WRONG SIDE OF THE LAW
Chiang Mai Tourist Police deputy inspector Therdphong Chunlasilp says the number one problem involving Chinese tourists in Chiang Mai is driving _ they are not familiar with the local roads or with Thai traffic laws.
''There have been many times when they have stopped their vehicles wherever they feel like,'' he says.
''There are many accidents caused by Chinese tourists on a daily basis, especially on the road leading up Doi Suthep.
''I understand that traffic in China drives on the right-hand side, and they may not be used to our system, but what I don't understand is why they stop in the middle of the road to talk to each other or even to take photos while there are many cars behind them.''
Communication is also a major issue. Many Chinese tourists lack even basic English or Thai language skills, making conflict resolution difficult. Police receive daily complaints from local business operators. Song taew drivers are often forced to ask police for help when Chinese tourists refuse to pay the agreed price.
''Most of the Chinese tourists we see are low-quality tourists. They don't want to give but they always want to get the most out of everything,'' Pol Col Therdphong says. ''For example, some mu kata (Thai-style barbecue buffet) restaurants have banned Chinese tourists because they don't know how to eat the buffet properly. They eat a lot in the restaurant, but then they also fill their bags with food from the buffet to take home.''
The Tourism Authority of Thailand's Chiang Mai office director, Wisoot Buachoom, says during the past year his agency has taken local business operators to roadshows in Hong Kong, Macau, Shanghai and Guangzhou.
''The reason we chose these cities is because we saw a very high potential in these location due to the direct flights to Chiang Mai,'' he said. The TAT has traditionally targeted European tourists, but the emergence of China at the top of the arrivals list has forced them to alter their focus. ''It's not like we are giving special attention to the Chinese market, but we have seen this market grow a lot during the past few years and it is getting consistently stronger. We are welcoming all Chinese tourists, while also taking good care of our existing customer base,'' Mr Wisoot said.
He said he's aware that there have been complaints about traveller behaviour, and the TAT is working to improve communication between locals and Chinese tourists.
''We have published brochures with instructions on how to be good tourists in both English and Chinese language. The content shows the cultural dos and don'ts when coming to Thailand,'' Mr Wisoot explained.
Despite his frustration at their frugality, Mr Tanet, the tuk-tuk driver, says Chinese tourists are helping to fill the gap in the low season when there are few other tourists around.
''Even though there are some Chinese who are not willing to spend money, we are relying on them for low season income,'' he says.
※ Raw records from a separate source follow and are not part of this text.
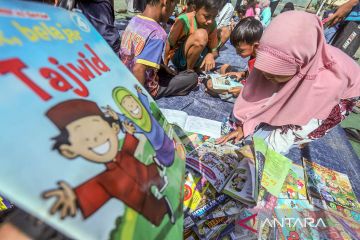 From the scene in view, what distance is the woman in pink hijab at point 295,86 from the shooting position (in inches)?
39.7

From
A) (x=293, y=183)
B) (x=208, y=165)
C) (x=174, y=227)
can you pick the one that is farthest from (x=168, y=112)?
(x=174, y=227)

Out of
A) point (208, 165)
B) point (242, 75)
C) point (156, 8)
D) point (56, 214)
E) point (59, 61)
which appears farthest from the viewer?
point (242, 75)

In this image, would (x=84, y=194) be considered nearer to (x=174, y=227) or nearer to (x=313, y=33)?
(x=174, y=227)

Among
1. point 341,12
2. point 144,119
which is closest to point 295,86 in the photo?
point 144,119

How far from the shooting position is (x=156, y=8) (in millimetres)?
1343

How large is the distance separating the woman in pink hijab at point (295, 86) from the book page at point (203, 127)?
0.32ft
''When there are not many Europeans coming during the rainy season, Chinese tourists are here to fill that gap. If we are lucky enough, we will find a rich Chinese who asks us to take them to jewellery shops where we can make a lot of commission. My friend who drives a van recently made 700,000 baht in commission from a single tourist group.''
Mr Wisoot from the TAT says Chiang Mai generates at least 50 billion baht per year from tourism alone. He says there will always be some problems when foreigners travel to a country for the first time, but stressed that most were interested in learning and experiencing a new culture.
The more people travel, the more they will start to realise that some of their actions may be offensive to people in other countries, and learn to adapt.
''I think it won't be too long before Chinese tourists can adjust themselves and behave better in order to respect other cultures. I would like to ask local Chiang Mai people to be a little bit more tolerant and treat them like part of the family. They will soon become the valuable guests that we desire,'' he said.